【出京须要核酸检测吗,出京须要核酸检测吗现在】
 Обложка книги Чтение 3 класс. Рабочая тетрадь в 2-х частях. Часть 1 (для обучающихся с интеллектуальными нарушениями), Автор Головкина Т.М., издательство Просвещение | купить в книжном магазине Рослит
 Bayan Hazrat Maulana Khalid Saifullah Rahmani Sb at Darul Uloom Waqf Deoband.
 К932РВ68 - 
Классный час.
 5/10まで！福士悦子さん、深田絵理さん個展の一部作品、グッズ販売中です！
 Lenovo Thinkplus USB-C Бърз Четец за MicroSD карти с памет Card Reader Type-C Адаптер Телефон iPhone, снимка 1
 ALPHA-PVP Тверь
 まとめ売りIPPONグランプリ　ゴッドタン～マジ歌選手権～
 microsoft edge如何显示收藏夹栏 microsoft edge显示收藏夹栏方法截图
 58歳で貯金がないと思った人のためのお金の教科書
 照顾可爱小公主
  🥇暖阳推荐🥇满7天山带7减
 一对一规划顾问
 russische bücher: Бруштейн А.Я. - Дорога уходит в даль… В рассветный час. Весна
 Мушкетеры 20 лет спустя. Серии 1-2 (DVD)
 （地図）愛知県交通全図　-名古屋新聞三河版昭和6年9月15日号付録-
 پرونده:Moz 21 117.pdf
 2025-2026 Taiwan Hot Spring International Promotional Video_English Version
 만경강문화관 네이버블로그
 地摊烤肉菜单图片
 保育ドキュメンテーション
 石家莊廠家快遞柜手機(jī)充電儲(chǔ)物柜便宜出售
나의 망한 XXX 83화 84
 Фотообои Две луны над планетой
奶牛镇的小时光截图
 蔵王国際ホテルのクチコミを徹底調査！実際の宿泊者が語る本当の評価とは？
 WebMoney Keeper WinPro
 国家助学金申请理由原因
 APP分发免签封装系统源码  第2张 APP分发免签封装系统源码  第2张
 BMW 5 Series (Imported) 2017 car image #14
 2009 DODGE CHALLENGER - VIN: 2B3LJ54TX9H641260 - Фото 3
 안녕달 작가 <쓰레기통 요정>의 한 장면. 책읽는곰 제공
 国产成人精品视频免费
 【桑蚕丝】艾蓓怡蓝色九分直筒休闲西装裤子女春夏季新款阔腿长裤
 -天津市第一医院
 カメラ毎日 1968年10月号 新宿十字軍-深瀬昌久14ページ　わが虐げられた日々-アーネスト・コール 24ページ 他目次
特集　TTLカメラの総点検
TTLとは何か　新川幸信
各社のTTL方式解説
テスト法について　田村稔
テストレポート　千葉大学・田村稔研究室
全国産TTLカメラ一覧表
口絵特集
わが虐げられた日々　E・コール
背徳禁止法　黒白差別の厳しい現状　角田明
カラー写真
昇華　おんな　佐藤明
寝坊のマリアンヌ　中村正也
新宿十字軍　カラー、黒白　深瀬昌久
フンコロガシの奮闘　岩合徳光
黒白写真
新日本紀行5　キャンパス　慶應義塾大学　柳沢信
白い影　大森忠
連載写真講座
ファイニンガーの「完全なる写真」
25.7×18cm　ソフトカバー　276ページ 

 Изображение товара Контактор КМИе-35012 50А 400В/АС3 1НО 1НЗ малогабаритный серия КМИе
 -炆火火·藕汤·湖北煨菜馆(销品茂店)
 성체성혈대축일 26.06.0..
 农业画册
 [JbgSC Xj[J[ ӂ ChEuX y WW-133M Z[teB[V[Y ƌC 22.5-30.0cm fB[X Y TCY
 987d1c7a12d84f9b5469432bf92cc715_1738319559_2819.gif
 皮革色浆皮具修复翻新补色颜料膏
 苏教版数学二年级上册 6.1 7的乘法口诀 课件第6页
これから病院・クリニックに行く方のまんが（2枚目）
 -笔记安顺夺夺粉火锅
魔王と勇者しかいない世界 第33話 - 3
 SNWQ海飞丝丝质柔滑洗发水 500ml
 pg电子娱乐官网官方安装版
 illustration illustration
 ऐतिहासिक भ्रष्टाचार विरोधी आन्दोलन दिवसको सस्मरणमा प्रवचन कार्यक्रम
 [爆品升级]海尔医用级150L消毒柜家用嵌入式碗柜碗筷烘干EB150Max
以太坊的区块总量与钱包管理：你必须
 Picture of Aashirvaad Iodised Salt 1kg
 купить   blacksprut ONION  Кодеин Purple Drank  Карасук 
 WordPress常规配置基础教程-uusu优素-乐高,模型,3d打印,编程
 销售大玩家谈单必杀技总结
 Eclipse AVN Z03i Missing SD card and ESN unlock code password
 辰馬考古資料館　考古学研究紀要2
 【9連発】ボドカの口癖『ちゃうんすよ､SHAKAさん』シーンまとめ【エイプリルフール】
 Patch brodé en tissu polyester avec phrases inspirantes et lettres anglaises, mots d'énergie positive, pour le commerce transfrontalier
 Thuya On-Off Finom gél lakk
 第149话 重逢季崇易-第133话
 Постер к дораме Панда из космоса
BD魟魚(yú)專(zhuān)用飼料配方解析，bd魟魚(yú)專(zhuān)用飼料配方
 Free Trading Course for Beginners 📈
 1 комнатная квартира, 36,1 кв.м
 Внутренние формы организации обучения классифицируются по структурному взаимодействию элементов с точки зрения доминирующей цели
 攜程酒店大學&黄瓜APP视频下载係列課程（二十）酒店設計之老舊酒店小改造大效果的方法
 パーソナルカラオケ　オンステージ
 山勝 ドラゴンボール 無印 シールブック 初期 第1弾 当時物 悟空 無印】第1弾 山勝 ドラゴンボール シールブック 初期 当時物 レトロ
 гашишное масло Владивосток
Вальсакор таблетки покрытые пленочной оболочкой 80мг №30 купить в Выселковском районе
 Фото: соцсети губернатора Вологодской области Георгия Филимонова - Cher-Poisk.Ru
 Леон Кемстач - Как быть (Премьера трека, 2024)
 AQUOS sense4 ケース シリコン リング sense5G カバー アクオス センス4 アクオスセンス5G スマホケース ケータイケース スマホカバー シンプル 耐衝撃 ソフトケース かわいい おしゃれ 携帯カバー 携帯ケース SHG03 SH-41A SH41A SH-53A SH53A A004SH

> [WHAT YOU ARE ASKED TO DO]: Send back the whole listing, exactly as written.

> [FINISHED TASK]:
【出京须要核酸检测吗,出京须要核酸检测吗现在】
 Обложка книги Чтение 3 класс. Рабочая тетрадь в 2-х частях. Часть 1 (для обучающихся с интеллектуальными нарушениями), Автор Головкина Т.М., издательство Просвещение | купить в книжном магазине Рослит
 Bayan Hazrat Maulana Khalid Saifullah Rahmani Sb at Darul Uloom Waqf Deoband.
 К932РВ68 - 
Классный час.
 5/10まで！福士悦子さん、深田絵理さん個展の一部作品、グッズ販売中です！
 Lenovo Thinkplus USB-C Бърз Четец за MicroSD карти с памет Card Reader Type-C Адаптер Телефон iPhone, снимка 1
 ALPHA-PVP Тверь
 まとめ売りIPPONグランプリ　ゴッドタン～マジ歌選手権～
 microsoft edge如何显示收藏夹栏 microsoft edge显示收藏夹栏方法截图
 58歳で貯金がないと思った人のためのお金の教科書
 照顾可爱小公主
  🥇暖阳推荐🥇满7天山带7减
 一对一规划顾问
 russische bücher: Бруштейн А.Я. - Дорога уходит в даль… В рассветный час. Весна
 Мушкетеры 20 лет спустя. Серии 1-2 (DVD)
 （地図）愛知県交通全図　-名古屋新聞三河版昭和6年9月15日号付録-
 پرونده:Moz 21 117.pdf
 2025-2026 Taiwan Hot Spring International Promotional Video_English Version
 만경강문화관 네이버블로그
 地摊烤肉菜单图片
 保育ドキュメンテーション
 石家莊廠家快遞柜手機(jī)充電儲(chǔ)物柜便宜出售
나의 망한 XXX 83화 84
 Фотообои Две луны над планетой
奶牛镇的小时光截图
 蔵王国際ホテルのクチコミを徹底調査！実際の宿泊者が語る本当の評価とは？
 WebMoney Keeper WinPro
 国家助学金申请理由原因
 APP分发免签封装系统源码  第2张 APP分发免签封装系统源码  第2张
 BMW 5 Series (Imported) 2017 car image #14
 2009 DODGE CHALLENGER - VIN: 2B3LJ54TX9H641260 - Фото 3
 안녕달 작가 <쓰레기통 요정>의 한 장면. 책읽는곰 제공
 国产成人精品视频免费
 【桑蚕丝】艾蓓怡蓝色九分直筒休闲西装裤子女春夏季新款阔腿长裤
 -天津市第一医院
 カメラ毎日 1968年10月号 新宿十字軍-深瀬昌久14ページ　わが虐げられた日々-アーネスト・コール 24ページ 他目次
特集　TTLカメラの総点検
TTLとは何か　新川幸信
各社のTTL方式解説
テスト法について　田村稔
テストレポート　千葉大学・田村稔研究室
全国産TTLカメラ一覧表
口絵特集
わが虐げられた日々　E・コール
背徳禁止法　黒白差別の厳しい現状　角田明
カラー写真
昇華　おんな　佐藤明
寝坊のマリアンヌ　中村正也
新宿十字軍　カラー、黒白　深瀬昌久
フンコロガシの奮闘　岩合徳光
黒白写真
新日本紀行5　キャンパス　慶應義塾大学　柳沢信
白い影　大森忠
連載写真講座
ファイニンガーの「完全なる写真」
25.7×18cm　ソフトカバー　276ページ 

 Изображение товара Контактор КМИе-35012 50А 400В/АС3 1НО 1НЗ малогабаритный серия КМИе
 -炆火火·藕汤·湖北煨菜馆(销品茂店)
 성체성혈대축일 26.06.0..
 农业画册
 [JbgSC Xj[J[ ӂ ChEuX y WW-133M Z[teB[V[Y ƌC 22.5-30.0cm fB[X Y TCY
 987d1c7a12d84f9b5469432bf92cc715_1738319559_2819.gif
 皮革色浆皮具修复翻新补色颜料膏
 苏教版数学二年级上册 6.1 7的乘法口诀 课件第6页
これから病院・クリニックに行く方のまんが（2枚目）
 -笔记安顺夺夺粉火锅
魔王と勇者しかいない世界 第33話 - 3
 SNWQ海飞丝丝质柔滑洗发水 500ml
 pg电子娱乐官网官方安装版
 illustration illustration
 ऐतिहासिक भ्रष्टाचार विरोधी आन्दोलन दिवसको सस्मरणमा प्रवचन कार्यक्रम
 [爆品升级]海尔医用级150L消毒柜家用嵌入式碗柜碗筷烘干EB150Max
以太坊的区块总量与钱包管理：你必须
 Picture of Aashirvaad Iodised Salt 1kg
 купить   blacksprut ONION  Кодеин Purple Drank  Карасук 
 WordPress常规配置基础教程-uusu优素-乐高,模型,3d打印,编程
 销售大玩家谈单必杀技总结
 Eclipse AVN Z03i Missing SD card and ESN unlock code password
 辰馬考古資料館　考古学研究紀要2
 【9連発】ボドカの口癖『ちゃうんすよ､SHAKAさん』シーンまとめ【エイプリルフール】
 Patch brodé en tissu polyester avec phrases inspirantes et lettres anglaises, mots d'énergie positive, pour le commerce transfrontalier
 Thuya On-Off Finom gél lakk
 第149话 重逢季崇易-第133话
 Постер к дораме Панда из космоса
BD魟魚(yú)專(zhuān)用飼料配方解析，bd魟魚(yú)專(zhuān)用飼料配方
 Free Trading Course for Beginners 📈
 1 комнатная квартира, 36,1 кв.м
 Внутренние формы организации обучения классифицируются по структурному взаимодействию элементов с точки зрения доминирующей цели
 攜程酒店大學&黄瓜APP视频下载係列課程（二十）酒店設計之老舊酒店小改造大效果的方法
 パーソナルカラオケ　オンステージ
 山勝 ドラゴンボール 無印 シールブック 初期 第1弾 当時物 悟空 無印】第1弾 山勝 ドラゴンボール シールブック 初期 当時物 レトロ
 гашишное масло Владивосток
Вальсакор таблетки покрытые пленочной оболочкой 80мг №30 купить в Выселковском районе
 Фото: соцсети губернатора Вологодской области Георгия Филимонова - Cher-Poisk.Ru
 Леон Кемстач - Как быть (Премьера трека, 2024)
 AQUOS sense4 ケース シリコン リング sense5G カバー アクオス センス4 アクオスセンス5G スマホケース ケータイケース スマホカバー シンプル 耐衝撃 ソフトケース かわいい おしゃれ 携帯カバー 携帯ケース SHG03 SH-41A SH41A SH-53A SH53A A004SH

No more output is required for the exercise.